Tracy C. Miller examines the advantages and challenges of a successful PPP in “Role of the Private Sector in the Management of Highways: A Primer on Public-Private Partnerships.” Potential advantages include accelerated project delivery and increased availability of funds for highways.
According to Miller, PPPs may improve on government management of highways because of private-sector efficiencies. PPPs may also improve on fully privatized management because profit-maximizing firms are not responsible for the rest of the highway network.
These “network effects” are key. A private, profit-making firm that is managing a particular highway need not consider how its actions affect users of parallel roads that are not tolled but instead are funded by taxes. Governments, on the other hand, must consider such effects.
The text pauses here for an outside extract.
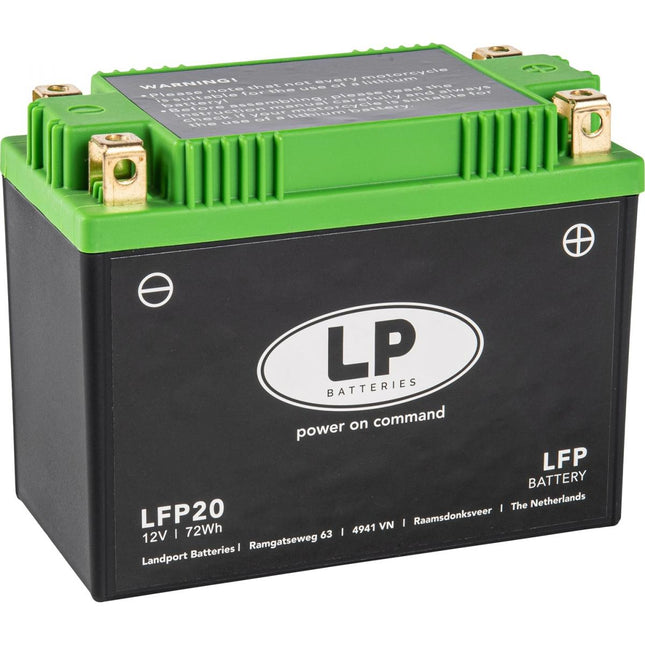 Battery Lithium 12V LFP20, YTX24HL-A-BS, Y50-N18A-A-CX, SY50-N18L-AT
A PPP may be able to strike a better balance between the interests of one highway project and the interests of the highway network, including the difficult question of promoting efficiency and cost effectiveness at the network level.
When it comes to the success of a PPP, much depends on how the government structures its contracts with private partners. This often involves a balancing act in a number of areas:
- Alignment of incentives. The transportation department must offer the right incentives to the highway management firm. Usually this involves granting the firm a share in toll revenue or granting it compensation for vehicular traffic.
- Adequate risk management. Highway managers will make cost-effective decisions if they have skin in the game; therefore, PPPs should assume some of the financing and operating risk. However, contracts should also include arrangements to limit that risk, such as minimum revenue guarantees.
- Transparency. Some PPPs have drawn public opposition. For that reason, transparency is another important consideration for the success of a PPP. The goals of the project, how it is to be paid for, and the tradeoffs involved should all be clearly communicated to the public. This is vital to ensure accountability to voters and their elected representatives—and to show how PPPs can provide better value for money than can public provision alone.